Audio API

Drop-in replacement for the OpenAI Audio API. Route TTS and STT requests across OpenAI and SiliconFlow with automatic fallback, unified billing, and consistent response shapes.

Endpoints

NameTypeRequiredDescription
POST /v1/audio/speech
syncText-to-speech. Returns audio bytes inline. Drop-in for OpenAI /v1/audio/speech.
POST /v1/audio/transcriptions
syncSpeech-to-text. Returns JSON transcript inline. Drop-in for OpenAI /v1/audio/transcriptions.
POST /v1/jobs (model=audio)
asyncAsync audio job. Returns 202 with job ID. Poll GET /v1/jobs/:id. Use for long inputs or background processing.

Text-to-Speech models

All models accept the OpenAI voice parameter (alloy, echo, fable, onyx, nova, shimmer). SiliconFlow models map unknown voice names to their default voice.

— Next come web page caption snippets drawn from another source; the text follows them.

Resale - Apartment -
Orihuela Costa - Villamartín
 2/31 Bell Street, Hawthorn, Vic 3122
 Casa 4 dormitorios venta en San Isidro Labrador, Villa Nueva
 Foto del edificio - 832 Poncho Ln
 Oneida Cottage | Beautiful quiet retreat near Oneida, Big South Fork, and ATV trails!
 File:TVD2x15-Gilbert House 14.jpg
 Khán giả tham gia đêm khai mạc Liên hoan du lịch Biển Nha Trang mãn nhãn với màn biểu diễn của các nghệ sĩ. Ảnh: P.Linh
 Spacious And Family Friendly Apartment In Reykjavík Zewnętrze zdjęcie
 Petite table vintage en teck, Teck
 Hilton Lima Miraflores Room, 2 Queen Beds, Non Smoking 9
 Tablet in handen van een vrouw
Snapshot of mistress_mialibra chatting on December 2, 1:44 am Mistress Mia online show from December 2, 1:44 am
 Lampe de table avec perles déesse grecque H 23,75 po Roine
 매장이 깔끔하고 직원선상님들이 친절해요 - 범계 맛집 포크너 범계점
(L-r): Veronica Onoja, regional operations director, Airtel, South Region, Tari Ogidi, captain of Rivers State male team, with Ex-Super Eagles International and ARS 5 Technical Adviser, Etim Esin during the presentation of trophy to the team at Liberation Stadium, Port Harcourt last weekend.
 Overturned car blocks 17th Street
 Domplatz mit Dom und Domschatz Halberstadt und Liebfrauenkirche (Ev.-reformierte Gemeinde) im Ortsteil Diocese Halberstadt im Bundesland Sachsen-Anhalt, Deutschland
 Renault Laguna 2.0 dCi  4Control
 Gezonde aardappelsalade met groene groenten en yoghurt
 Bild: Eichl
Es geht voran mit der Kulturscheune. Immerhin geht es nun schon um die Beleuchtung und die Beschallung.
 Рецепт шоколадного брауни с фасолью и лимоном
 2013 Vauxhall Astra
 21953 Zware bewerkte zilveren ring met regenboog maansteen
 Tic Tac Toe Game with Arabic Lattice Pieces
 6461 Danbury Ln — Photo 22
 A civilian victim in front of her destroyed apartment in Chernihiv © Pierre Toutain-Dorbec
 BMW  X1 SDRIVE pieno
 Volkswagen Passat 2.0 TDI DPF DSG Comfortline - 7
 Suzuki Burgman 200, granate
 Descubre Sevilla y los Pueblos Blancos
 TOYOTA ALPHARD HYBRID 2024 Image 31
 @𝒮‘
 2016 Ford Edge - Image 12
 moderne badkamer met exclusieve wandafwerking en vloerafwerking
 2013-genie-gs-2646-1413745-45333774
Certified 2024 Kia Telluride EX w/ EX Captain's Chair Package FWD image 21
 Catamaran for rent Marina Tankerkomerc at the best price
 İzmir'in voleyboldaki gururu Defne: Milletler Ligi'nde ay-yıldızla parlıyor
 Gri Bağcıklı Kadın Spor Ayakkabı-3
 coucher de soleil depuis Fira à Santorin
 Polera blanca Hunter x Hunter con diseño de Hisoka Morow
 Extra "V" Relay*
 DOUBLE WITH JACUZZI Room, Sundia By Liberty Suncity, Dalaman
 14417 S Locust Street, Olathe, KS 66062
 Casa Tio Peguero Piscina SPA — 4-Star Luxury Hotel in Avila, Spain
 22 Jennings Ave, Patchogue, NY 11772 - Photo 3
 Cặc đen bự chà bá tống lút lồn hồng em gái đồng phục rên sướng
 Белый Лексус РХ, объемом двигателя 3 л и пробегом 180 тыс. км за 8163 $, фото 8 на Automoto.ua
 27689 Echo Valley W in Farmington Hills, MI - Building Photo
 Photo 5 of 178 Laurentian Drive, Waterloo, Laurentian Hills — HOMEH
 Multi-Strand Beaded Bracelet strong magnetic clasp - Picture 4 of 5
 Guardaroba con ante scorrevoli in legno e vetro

NameTypeRequiredDescription
openai/tts-1
ttsOpenAI TTS-1. Optimised for speed. Billed per character ($15/1M chars). Falls back to SiliconFlow CosyVoice2 at priority 1.
openai/tts-1-hd
ttsOpenAI TTS-1 HD. Optimised for quality. Billed per character ($30/1M chars).
openai/gpt-4o-mini-tts
ttsGPT-4o Mini TTS. Instruction-following voice model. Billed per token + request.
alibaba/cosyvoice2-0.5b
ttsSiliconFlow CosyVoice2 0.5B. CJK-optimised TTS. Billed per UTF-8 byte ($7.15/1M bytes). Best choice for Chinese text.
fishaudio/fish-speech-1.5
ttsFish Audio Fish-Speech 1.5. Highly expressive multilingual TTS. $7.15/1M UTF-8 bytes.
indexteam/indextts-2
ttsIndexTTS-2. Cloning-grade voice fidelity. $7.15/1M UTF-8 bytes.

Speech-to-Text models

NameTypeRequiredDescription
openai/whisper-1
sttOpenAI Whisper-1. General-purpose multilingual transcription. $0.006/min. Falls back to SiliconFlow SenseVoice at priority 1.
alibaba/sensevoice-small
sttSiliconFlow SenseVoice Small. Fast, emotion-aware transcription optimised for Chinese and English. $0.006/min.

Sync vs async

The sync endpoints (/v1/audio/speech and /v1/audio/transcriptions) stream the result back inline β€” best for interactive or short inputs. For long audio files or batch workloads, use POST /v1/jobs with an audio model: the gateway queues the request, stores the output in S3, and returns a presigned URL when complete.

Both sync endpoints are drop-in compatible with the OpenAI SDK. No code changes required β€” just swap the base URL to https://api.therouter.ai.

Billing

NameTypeRequiredDescription
OpenAI TTS
per charactertts-1: $15/1M chars. tts-1-hd: $30/1M chars.
SiliconFlow TTS
per UTF-8 byteCosyVoice2, Fish-Speech, IndexTTS-2: $7.15/1M UTF-8 bytes. CJK text bills at 3Γ— ASCII char-count.
OpenAI STT
per minutewhisper-1: $0.006/min.
SiliconFlow STT
per minuteSenseVoice-Small: $0.006/min.